Due to a race condition(?), occasionally the notifications such as “Tor Is Ready” are not displayed. When this problem is seen, no notifications of any kind will be shown during the Tails session.

While this infrequent failure was last seen during the test suite with a Tails 1.2.2 ISO, I have also seen it “on bare metal”.


Subtasks

Feature #9332: Test that notification-daemon is running Resolved

100


History

#1 Updated by anonym 2015-01-13 14:18:09

  • related to Bug #8685: Adapt waiting for user notification facilities for Jessie added

#2 Updated by anonym 2015-01-13 14:19:53

  • Status changed from New to Confirmed

This seems like another instance of Bug #8685, which shows that it is actually a more general issue that doesn’t only affect the MAC spoofing panic mode notifications.

#3 Updated by intrigeri 2015-01-13 16:25:30

  • Target version changed from Tails_1.2.3 to Tails_1.3

#4 Updated by kytv 2015-01-16 11:10:43

As I run the test suite more often, I’m seeing this far more frequently than I used to.

#5 Updated by BitingBird 2015-03-12 21:02:36

  • Target version changed from Tails_1.3 to Tails_1.3.2

Finally moving to next milestone. Let’s hope someone adopts this lonely ticket :)

#6 Updated by intrigeri 2015-03-20 23:33:18

  • Assignee set to kytv
  • QA Check set to Info Needed

kytv wrote:
> When this problem is seen, no notifications of any kind will be shown during the Tails session.

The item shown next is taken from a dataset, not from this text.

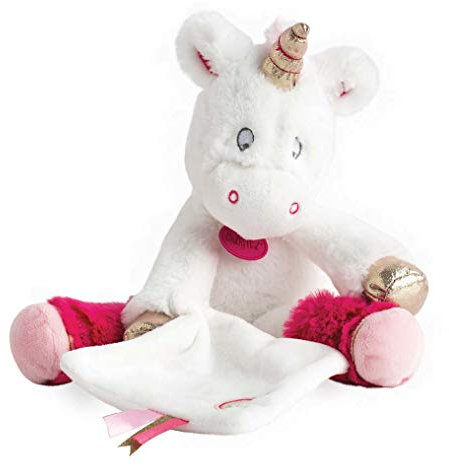 BABY NAT' - Peluche Licorne avec Doudou Mouchoir - 30 cm - Blanc/Rose - Cadeau Naissance Fille - Licorne Arc en Ciel - BN0321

Do you mean that the notifications handling is fully broken in such a situation? E.g. is a notification manually sent with notify-send(1) actually displayed?

#7 Updated by kytv 2015-03-20 23:47:43

  • Assignee changed from kytv to intrigeri

intrigeri wrote:
> kytv wrote:
> > When this problem is seen, no notifications of any kind will be shown during the Tails session.
>
> Do you mean that the notifications handling is fully broken in such a situation? E.g. is a notification manually sent with notify-send(1) actually displayed?

Correct. Well, at least I think notify-send will fail when run manually. I can say for certain that when I hit this bug, notifications will not be displayed when, for example, opening the I2P- or Unsafe-Browsers.

If/when I see this again, is there anything that I can do to generate useful information to debug this?

#8 Updated by intrigeri 2015-03-21 00:04:59

> Correct. Well, at least I think notify-send will fail when run manually. I can say for certain that when I hit this bug, notifications will not be displayed when, for example, opening the I2P- or Unsafe-Browsers.

Hmm, so that race condition isn’t just about our notifications being sent too early, before the notification handler is ready, and then not displayed (that was my understanding of the problem so far, glad I’ve asked for details). But rather, something we do (possibly sending notifications at the “wrong” time, or something) apparently just breaks the notification handler. Ooops.

Can you reproduce this in Tails/Jessie? (The notification handler there is GNOME Shell, which is probably less buggy than notification-daemon, that was itself basically abandonware way before Wheezy was out.)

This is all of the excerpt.